Une nouvelle perception du monde qui risque de nous faire perdre notre vocation…

En moins d’un siècle, dans l’infiniment petit de la particule comme dans l’infiniment grand du cosmos, l'homme s’est placé dans un Univers où l'espace et le temps se sont véritablement éclatés et ne cessent encore de s'étendre. Les théories du big bang et de l'évolution, et d'autres encore, ont lentement mais assurément eu pour conséquence de rendre obsolète une conception figée et limitée du Monde que pouvait avoir l'homme. 



« Jadis tout paraissait fixe et solide ; maintenant tout se met à glisser sous nos pieds dans l’univers : les montagnes, les continents, la Vie, et jusqu’à la matière même. Non plus, si on le regarde d’assez haut, le Monde qui tourne en rond : mais un nouveau Monde qui change peu à peu de couleur, de forme, et même de conscience. Non plus le Cosmos, mais la Cosmogenèse » (2).  
Ses points de repère traditionnels se sont dilués et effacés quand ses forces se sont multipliées, son unité affirmée et sa vocation grandie. « L'acte de la nature humaine (l'humanité) a pris en tout homme conscient une plénitude absolument nouvelle » (2). Devant ce Monde désormais ouvert, il éprouve soit du découragement, soit de l'adoration. Cette nouvelle situation le trouble ou l'émerveille. Désorienté, éperdu, il risque de se perdre dans l'abattement ou dans « l'autonomie orgueilleuse », ou encore dans l'individualisme, au lieu de s'excentrer pour tendre vers l'unité, vers le point Omega. Il risque donc de manquer sa vocation. Telle est en quelques mots la situation dans laquelle nous sommes entrain de vivre selon Teilhard. 

Un nouveau monde aux dimensions étourdissantes…

Depuis le XIXème siècle, nous sommes en effet confrontés à une nouvelle situation que nous ne pouvons pas ne pas prendre en compte. Notre perception du Monde a effectivement changé, encore plus profondément que pouvait le penser notre « philosophe ». L'homme semble en effet découvrir de manière concrète les nouvelles dimensions de l’Univers qui lui ouvrent les portes d’un nouveau champ d’action, jamais encore atteintes. Armé de nouvelles capacités technologiques, il peut presque en toute liberté y épuiser son imagination. Grâce aux progrès accomplis dans la science et la technologie, il voit en effet croître son pouvoir sur la Création et sur lui-même. Ses ambitions en sont décuplées.
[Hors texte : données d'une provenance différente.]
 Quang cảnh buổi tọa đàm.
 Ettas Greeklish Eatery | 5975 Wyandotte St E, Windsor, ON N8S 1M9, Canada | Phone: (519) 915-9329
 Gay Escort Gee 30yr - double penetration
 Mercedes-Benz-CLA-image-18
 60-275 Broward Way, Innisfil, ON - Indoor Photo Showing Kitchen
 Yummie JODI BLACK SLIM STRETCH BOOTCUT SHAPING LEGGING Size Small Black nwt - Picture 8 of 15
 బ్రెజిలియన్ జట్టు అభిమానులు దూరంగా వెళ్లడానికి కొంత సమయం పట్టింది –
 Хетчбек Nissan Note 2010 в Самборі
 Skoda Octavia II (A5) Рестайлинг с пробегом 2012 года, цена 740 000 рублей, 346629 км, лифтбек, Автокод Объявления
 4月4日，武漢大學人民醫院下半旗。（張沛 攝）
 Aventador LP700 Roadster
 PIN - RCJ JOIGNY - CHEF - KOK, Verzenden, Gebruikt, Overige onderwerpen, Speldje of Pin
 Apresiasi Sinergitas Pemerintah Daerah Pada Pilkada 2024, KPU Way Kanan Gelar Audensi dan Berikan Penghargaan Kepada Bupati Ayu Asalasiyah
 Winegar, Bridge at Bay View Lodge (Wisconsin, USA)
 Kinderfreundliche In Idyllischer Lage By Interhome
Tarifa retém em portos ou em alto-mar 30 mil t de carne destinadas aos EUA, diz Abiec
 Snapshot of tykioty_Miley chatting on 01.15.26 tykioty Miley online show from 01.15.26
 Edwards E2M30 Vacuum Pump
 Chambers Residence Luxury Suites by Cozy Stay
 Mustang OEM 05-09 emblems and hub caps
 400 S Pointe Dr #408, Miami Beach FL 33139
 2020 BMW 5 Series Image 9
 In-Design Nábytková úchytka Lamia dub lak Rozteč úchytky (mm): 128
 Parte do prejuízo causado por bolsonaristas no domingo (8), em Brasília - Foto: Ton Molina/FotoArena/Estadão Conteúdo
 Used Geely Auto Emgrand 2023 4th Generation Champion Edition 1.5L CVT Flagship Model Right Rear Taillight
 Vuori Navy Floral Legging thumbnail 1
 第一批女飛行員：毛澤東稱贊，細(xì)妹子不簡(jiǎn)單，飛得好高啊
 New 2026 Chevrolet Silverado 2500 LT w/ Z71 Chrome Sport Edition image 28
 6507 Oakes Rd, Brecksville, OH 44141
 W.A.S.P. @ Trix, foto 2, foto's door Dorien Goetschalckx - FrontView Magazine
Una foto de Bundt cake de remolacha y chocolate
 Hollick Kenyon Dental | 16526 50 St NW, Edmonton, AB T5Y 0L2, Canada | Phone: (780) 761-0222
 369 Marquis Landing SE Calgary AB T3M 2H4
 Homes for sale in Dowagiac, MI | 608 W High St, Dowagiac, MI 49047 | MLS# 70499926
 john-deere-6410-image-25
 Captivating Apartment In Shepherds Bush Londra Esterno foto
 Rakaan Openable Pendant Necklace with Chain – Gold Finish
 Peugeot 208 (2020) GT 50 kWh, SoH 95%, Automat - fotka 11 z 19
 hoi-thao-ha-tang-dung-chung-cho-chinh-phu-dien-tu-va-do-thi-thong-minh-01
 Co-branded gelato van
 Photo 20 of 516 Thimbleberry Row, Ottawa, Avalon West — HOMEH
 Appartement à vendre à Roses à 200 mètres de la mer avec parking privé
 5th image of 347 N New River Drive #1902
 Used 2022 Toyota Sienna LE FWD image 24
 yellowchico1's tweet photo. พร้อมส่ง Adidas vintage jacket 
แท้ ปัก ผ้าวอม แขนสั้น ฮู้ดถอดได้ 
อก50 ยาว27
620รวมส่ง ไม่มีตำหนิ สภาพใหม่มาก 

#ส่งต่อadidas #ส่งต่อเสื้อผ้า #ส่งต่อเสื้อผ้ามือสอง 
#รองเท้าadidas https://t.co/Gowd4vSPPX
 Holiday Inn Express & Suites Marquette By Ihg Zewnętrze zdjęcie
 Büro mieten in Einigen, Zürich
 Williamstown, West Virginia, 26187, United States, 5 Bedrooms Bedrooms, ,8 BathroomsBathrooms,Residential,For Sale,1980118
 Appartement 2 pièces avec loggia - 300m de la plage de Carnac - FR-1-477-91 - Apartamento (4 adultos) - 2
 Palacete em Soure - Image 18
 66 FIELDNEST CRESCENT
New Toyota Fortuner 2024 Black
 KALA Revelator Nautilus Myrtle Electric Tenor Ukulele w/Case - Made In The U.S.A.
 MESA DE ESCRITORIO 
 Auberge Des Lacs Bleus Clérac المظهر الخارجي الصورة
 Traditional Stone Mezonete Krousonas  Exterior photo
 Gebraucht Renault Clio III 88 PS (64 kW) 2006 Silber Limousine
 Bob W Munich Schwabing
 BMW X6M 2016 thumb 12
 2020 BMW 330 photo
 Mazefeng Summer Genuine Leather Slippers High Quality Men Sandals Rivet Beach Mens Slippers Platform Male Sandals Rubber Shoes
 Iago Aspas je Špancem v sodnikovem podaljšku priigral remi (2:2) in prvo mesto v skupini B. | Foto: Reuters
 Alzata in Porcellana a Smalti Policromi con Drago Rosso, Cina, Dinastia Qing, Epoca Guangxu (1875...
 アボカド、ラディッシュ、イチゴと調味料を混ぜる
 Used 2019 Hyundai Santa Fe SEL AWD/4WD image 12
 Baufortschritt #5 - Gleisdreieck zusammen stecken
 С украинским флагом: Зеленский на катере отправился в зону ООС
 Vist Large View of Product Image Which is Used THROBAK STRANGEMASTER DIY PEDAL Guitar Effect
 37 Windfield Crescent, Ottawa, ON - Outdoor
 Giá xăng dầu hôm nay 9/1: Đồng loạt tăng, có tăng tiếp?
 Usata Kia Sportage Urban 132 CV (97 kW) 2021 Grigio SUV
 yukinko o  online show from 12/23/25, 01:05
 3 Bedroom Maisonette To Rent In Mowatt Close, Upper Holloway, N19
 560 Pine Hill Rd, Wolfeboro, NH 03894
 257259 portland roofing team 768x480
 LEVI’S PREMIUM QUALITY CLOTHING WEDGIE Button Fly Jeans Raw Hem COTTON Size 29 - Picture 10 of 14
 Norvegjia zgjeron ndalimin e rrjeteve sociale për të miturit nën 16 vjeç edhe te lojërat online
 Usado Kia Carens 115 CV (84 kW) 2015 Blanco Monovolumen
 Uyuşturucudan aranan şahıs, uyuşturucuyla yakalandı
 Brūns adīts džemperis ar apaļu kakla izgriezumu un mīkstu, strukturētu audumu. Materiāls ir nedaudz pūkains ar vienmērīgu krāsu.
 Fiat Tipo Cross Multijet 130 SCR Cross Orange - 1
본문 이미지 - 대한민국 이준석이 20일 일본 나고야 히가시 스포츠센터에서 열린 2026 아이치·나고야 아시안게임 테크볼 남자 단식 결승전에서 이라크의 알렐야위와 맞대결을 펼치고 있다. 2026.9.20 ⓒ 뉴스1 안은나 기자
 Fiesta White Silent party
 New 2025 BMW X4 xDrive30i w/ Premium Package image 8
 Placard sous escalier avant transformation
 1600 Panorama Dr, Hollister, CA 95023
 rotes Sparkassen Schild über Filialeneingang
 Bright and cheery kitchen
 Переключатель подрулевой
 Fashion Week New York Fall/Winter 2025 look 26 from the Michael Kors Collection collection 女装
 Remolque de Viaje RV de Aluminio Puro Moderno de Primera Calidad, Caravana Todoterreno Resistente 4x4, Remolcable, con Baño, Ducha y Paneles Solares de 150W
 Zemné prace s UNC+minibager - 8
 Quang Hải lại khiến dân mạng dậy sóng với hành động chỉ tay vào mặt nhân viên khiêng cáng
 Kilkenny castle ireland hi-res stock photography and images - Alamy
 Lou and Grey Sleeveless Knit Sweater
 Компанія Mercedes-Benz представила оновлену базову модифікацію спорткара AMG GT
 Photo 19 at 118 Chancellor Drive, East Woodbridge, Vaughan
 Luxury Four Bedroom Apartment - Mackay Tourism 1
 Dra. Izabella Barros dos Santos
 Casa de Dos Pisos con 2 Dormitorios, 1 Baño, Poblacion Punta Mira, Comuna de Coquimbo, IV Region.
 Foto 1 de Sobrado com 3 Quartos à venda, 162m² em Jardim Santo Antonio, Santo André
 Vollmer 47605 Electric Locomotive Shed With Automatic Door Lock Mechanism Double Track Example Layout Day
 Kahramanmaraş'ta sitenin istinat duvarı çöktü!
Aujourd'hui, nous sommes aussi témoins d'une autre révolution, probablement plus conséquente, révolution déjà perceptible dès l'époque de Teilhard …

Nouvelle révolution : formation d’un nouvel espace à une seule dimension …

Regardons concrètement notre monde actuel. Quelle est la révolution qui impacte actuellement notre façon de vivre et de penser ? La création d’un nouvel « espace de vie », encore appelé le «  cyberespace » …


L’informatique poursuit son avancée dans notre quotidienneté personnelle et professionnelle. Il envahit tous nos objets, même les plus anodins. L'informatisation de la société s’accompagne de la création de vastes réseaux, eux-mêmes interconnectés. Ainsi avons-nous construit un monde virtuel et pourtant bien réel, où tous nos objets se communiquent, s’interagissent, où nous sommes nous-mêmes un acteur interactif au potentiel énorme. C’est le « cyberespace ». 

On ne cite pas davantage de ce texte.